The founding president of the Pan Africanist Congress, Robert Mangaliso Sobukwe was born on this day while the first democratically elected president, Nelson Mandela, departed on this day. Sobukwe taught at Wits from 1954 to 1970, the same institution that was Mandela’s academic home in the 1940s as a law student.

The 5th of December will once again go down in the history of the University as a key occasion, a day on which the University bestowed its highest honour to a champion of social justice.

Wits University conferred an honorary doctorate of laws on Franklin Thomas, the first African-American president of the Ford Foundation during a graduation ceremony of the Faculty of Commerce, Law and Management.

Wits Vice-Chancellor Professor Adam Habib described Thomas as a friend to South Africa and played a key role in mobilising support for the oppressed during apartheid rule.

“He is widely recognised as having contributed uniquely to transformation in the USA, South Africa and worldwide. Under his leadership, the Foundation was seen by the most important actors – such as the then banned and exiled ANC – as a desirable exception in its action to boycott the apartheid government, and strengthen American support for social justice programmes in South Africa,” reads the citation presented to guests at the graduation ceremony.

“The Foundation supported the establishment and operation of the Centre for Applied Legal Studies at Wits University as well as the Legal Resources Centre.
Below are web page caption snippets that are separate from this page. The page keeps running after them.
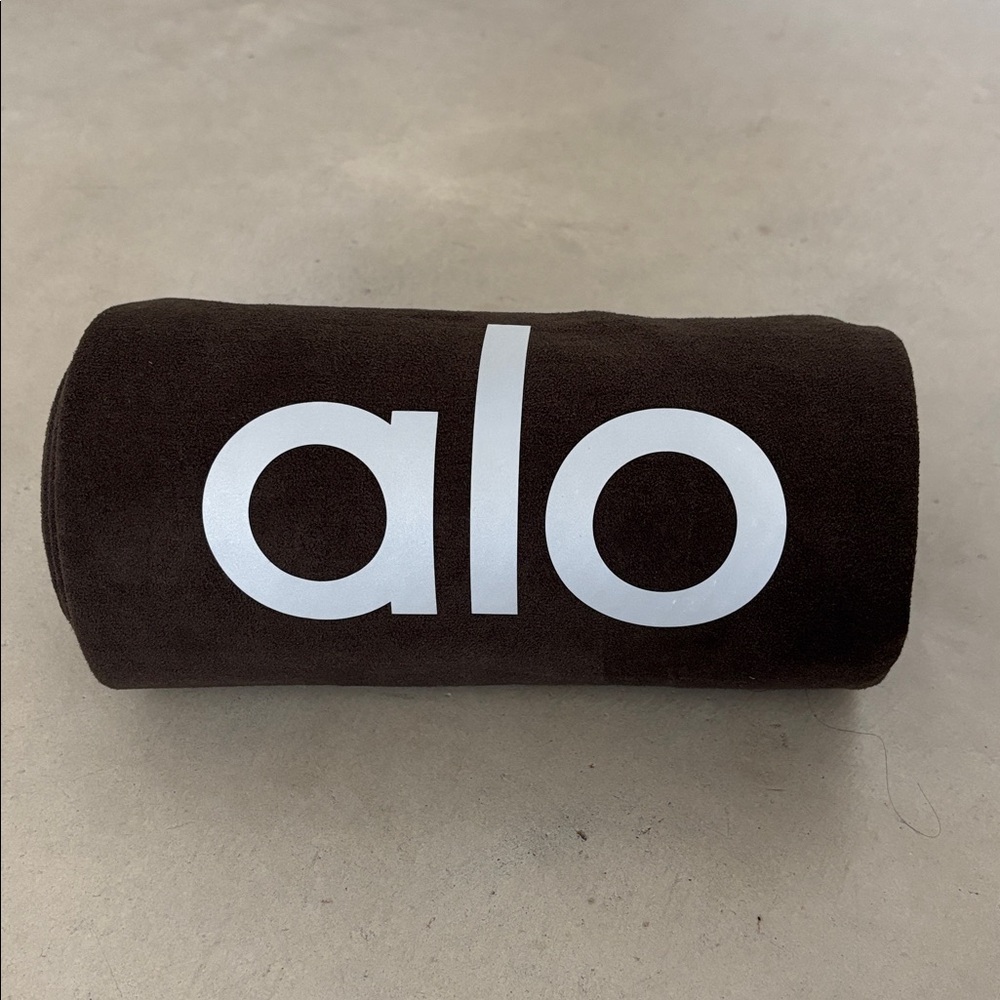 New Alo Yoga Grounded No-Slip Towel in Espresso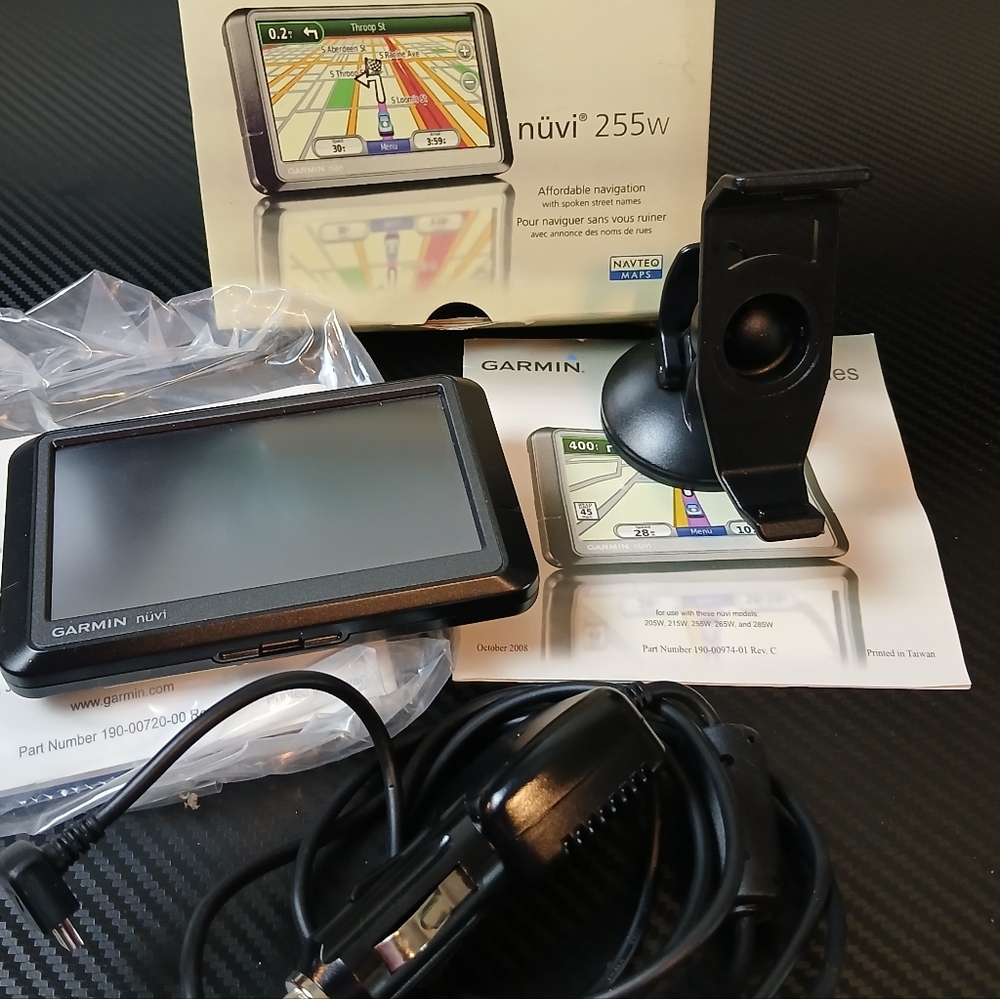 Garmin nüvi 255W Black GPS with Accessories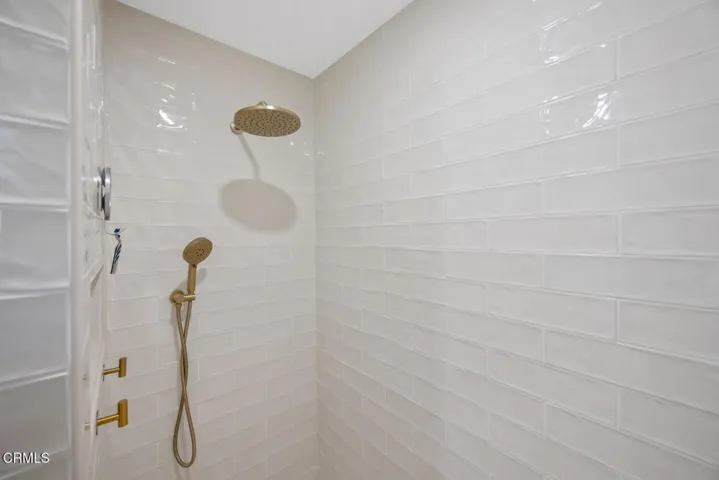Rain & Handheld Showerheads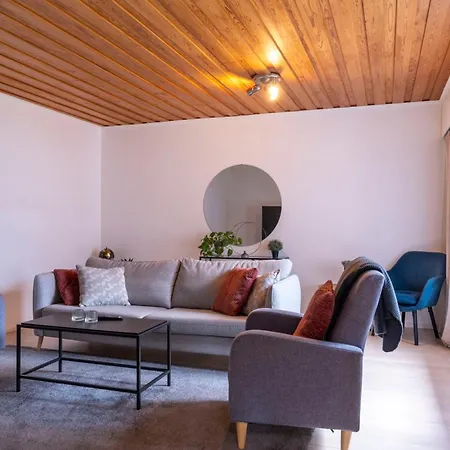 Newly Renovated House For 6 People
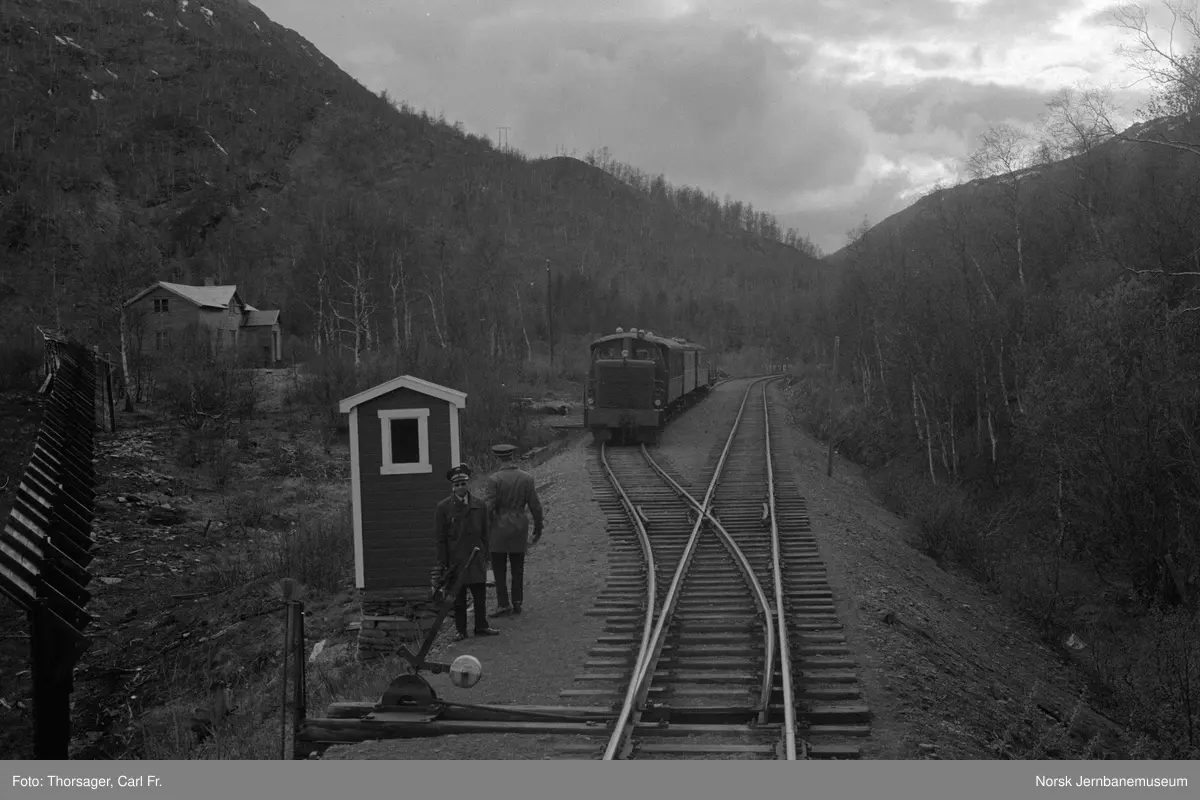 Sulitjelmabanens diesellokomotiv SAULO med persontog avventer kryssing på Hellarmo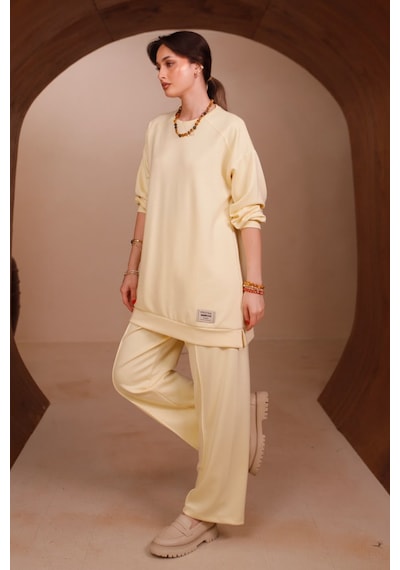 Balenbi Kadın Oysh Modal Kumaş Oversize 80 Cm Tunik Bol Paça Pantolon Tesettür Takım 1228 Sarı Balenbi Kadın Oysh Modal Kumaş Oversize 80 Cm Tunik Bol Paça Pantolon Tesettür Takım 1228 Sarı
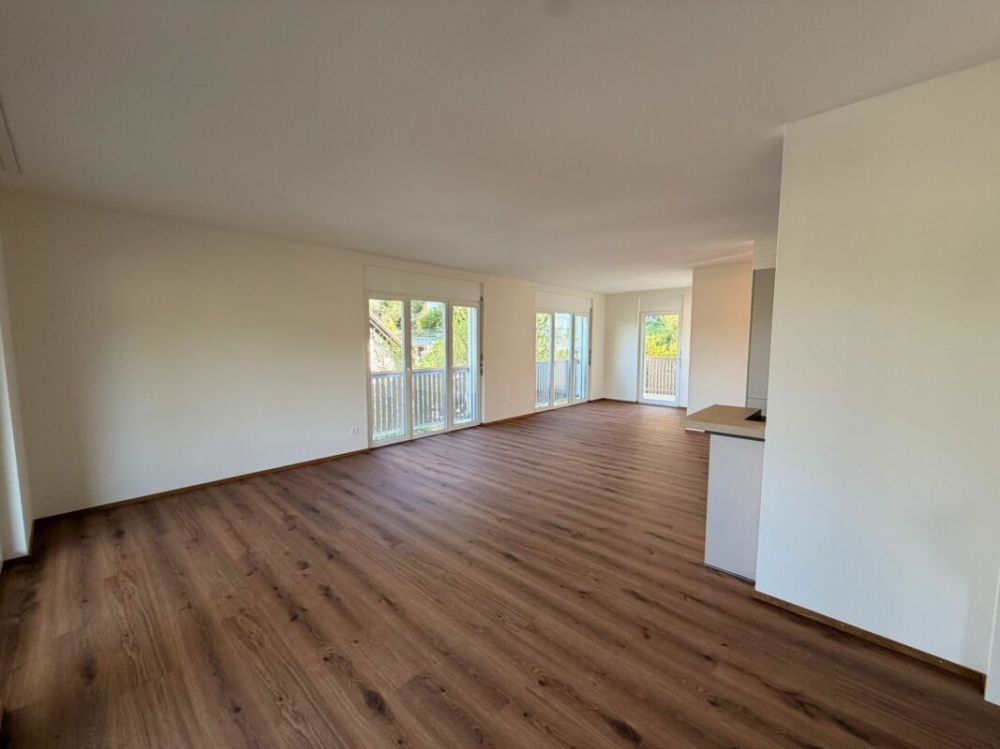 Erstbezug: sonnige 3.5 Zimmer-Wohnung mit Aussicht an ruhiger Lage - Wohnzimmer, Ansicht vom Balkon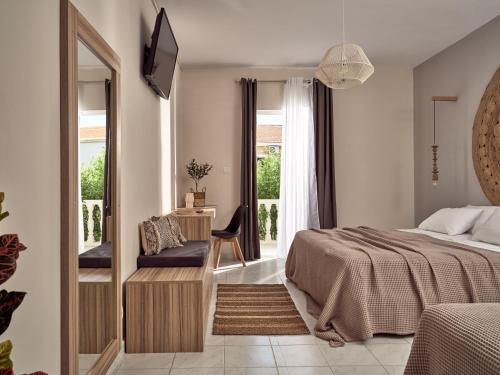 拉加纳斯Casa Del Mar的卧室配有床、椅子和窗户。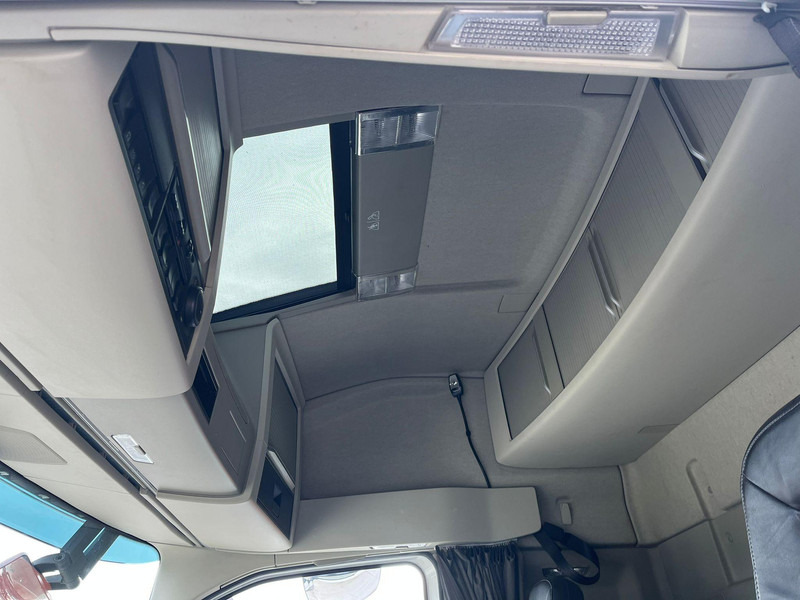 Camião polibenne Volvo FH 540 6x4 PALIFT T 20 ton / L=5600 mm / RETARDER / TANDEM AXLE LIFT: foto 20 Camião polibenne Volvo FH 540 6x4 PALIFT T 20 ton / L=5600 mm / RETARDER / TANDEM AXLE LIFT: foto 20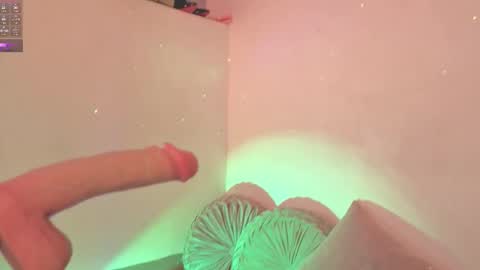 Snapshot of ashlynnlowe_ chatting on November 8, 7:34 pm Ash online show from November 8, 7:34 pm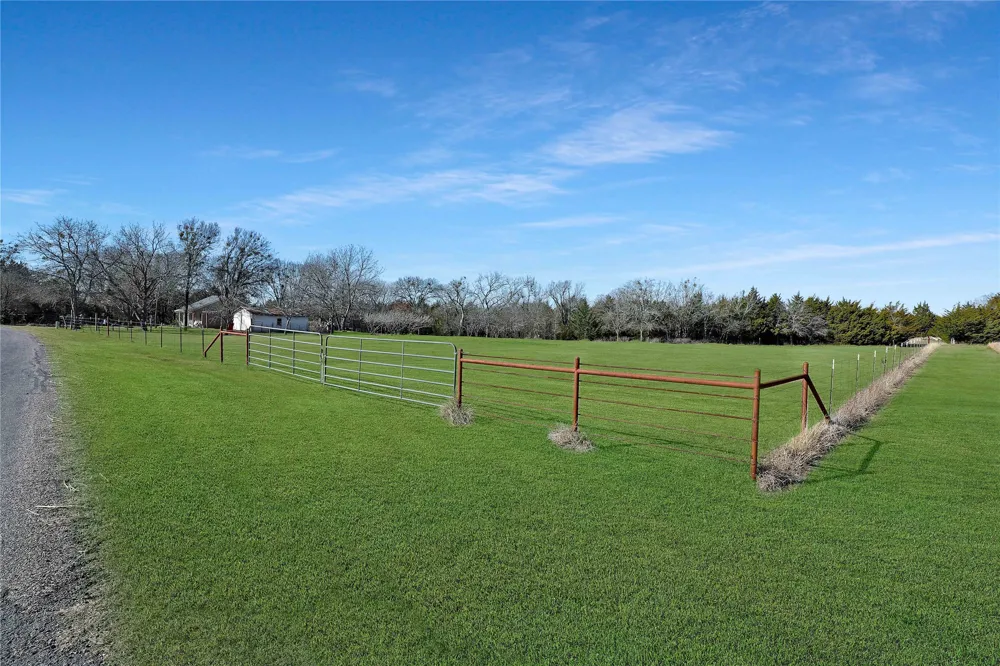 12253 County Road 574 Farmersville, TX 75442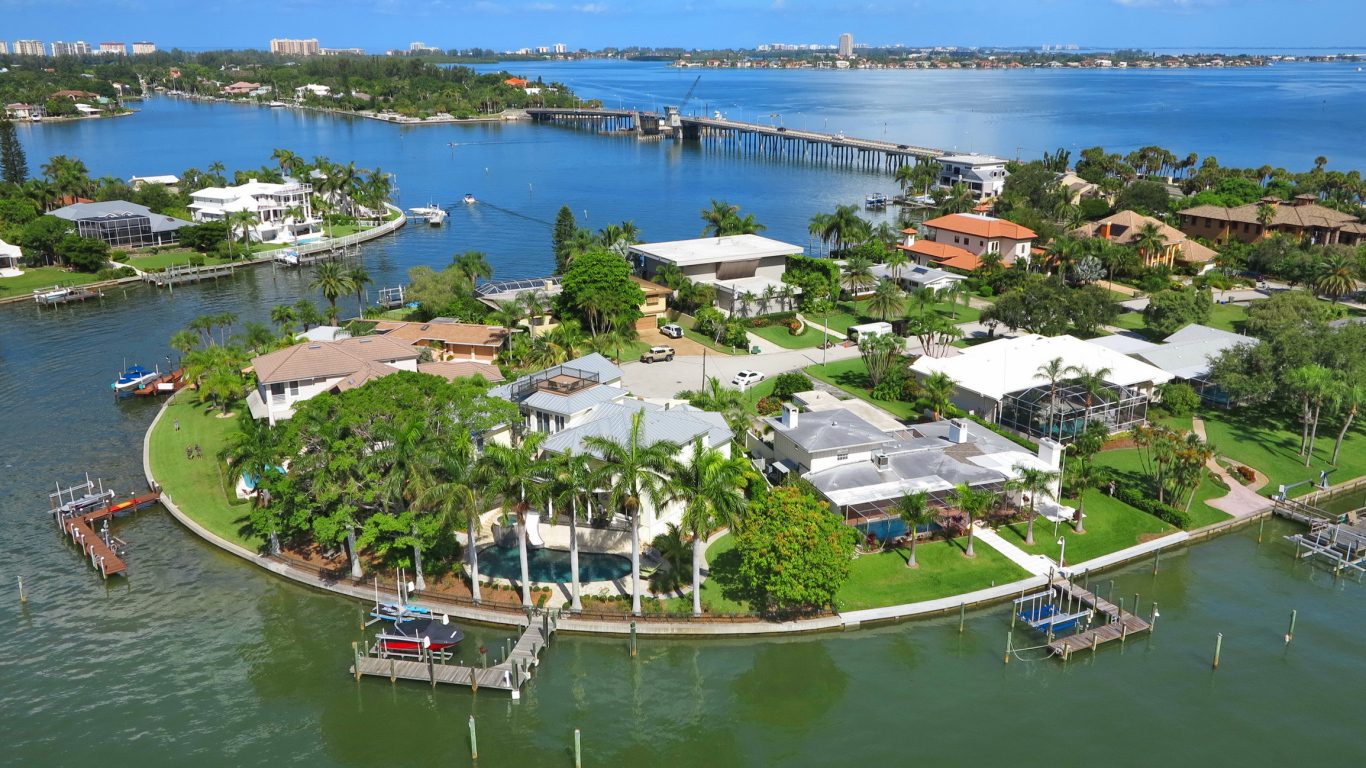 Вилла в Сан Ремо, Италия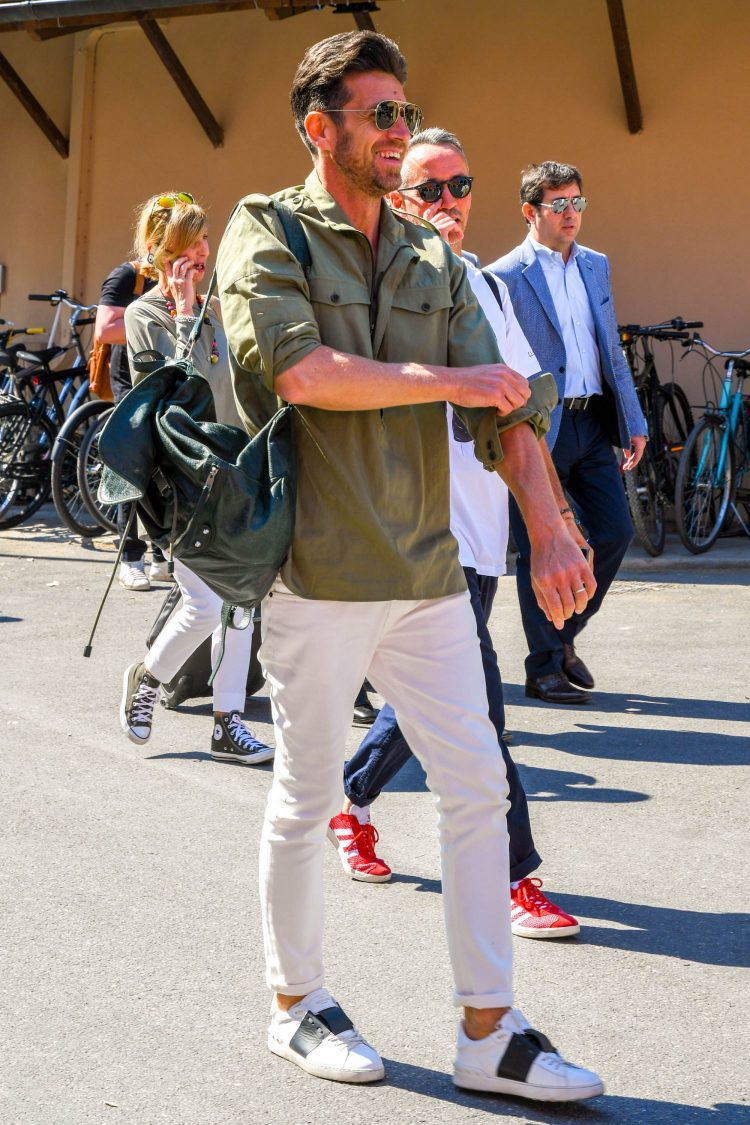 Pullover-type khaki shirt with a cozy look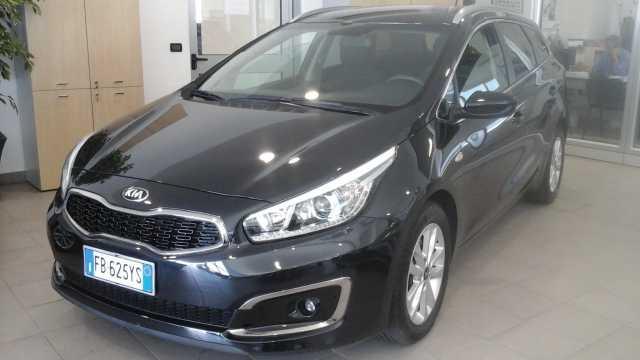 Kia Cee'd 1.6 CRDi 110 CV SW Cool cee'd 2ª serie Immatricolazione: 1/ 2016 KM: 17679 Carrozzeria: Station Wagon Cilindrata: 1582 Prezzo: 15.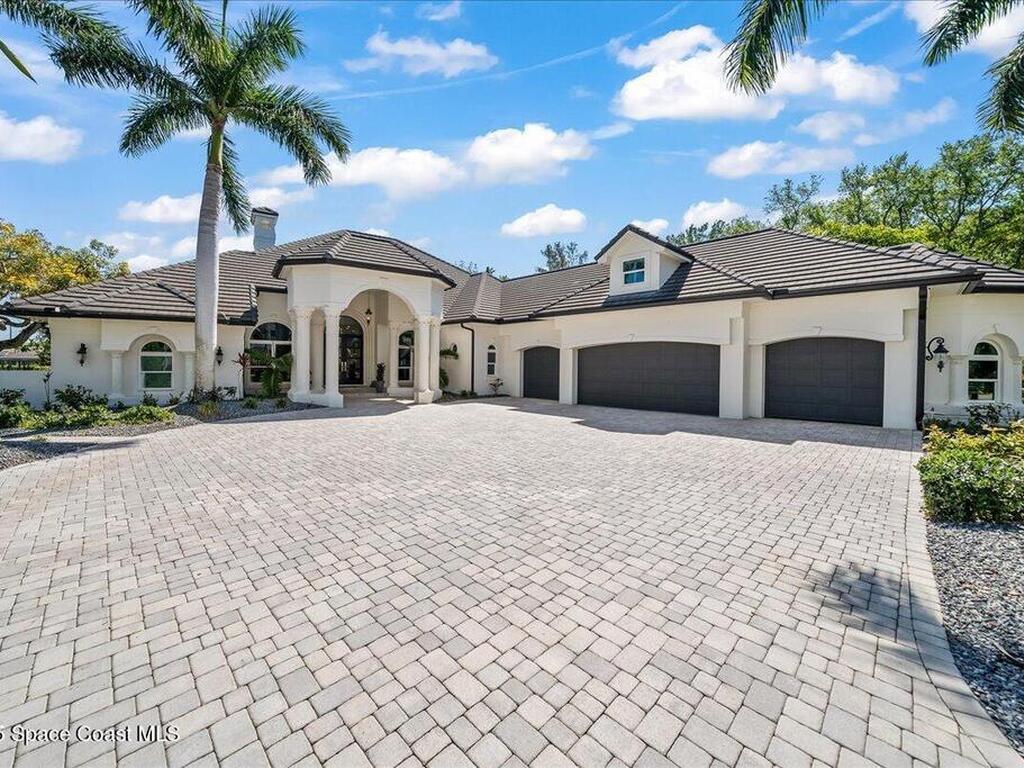 200 Lansing Island Drive, Indian Harbour Beach, FL 32937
Grants by the Foundation enabled large numbers of black South Africans to study for degrees in preparation for a free South Africa.

” In his acceptance speech, the activist and philanthropist said that although he has received recognition from many institutions, the Wits honorary doctorate holds a special place in his heart, as does South Africa.

“Once you get involved with SA you cannot remove yourself or it from your life.”

During his speech he reflected on his friendship with Mandela and the blueprint that he left for the entire world. He also took the opportunity to remind students about their obligations to society as graduates of this prestigious institution.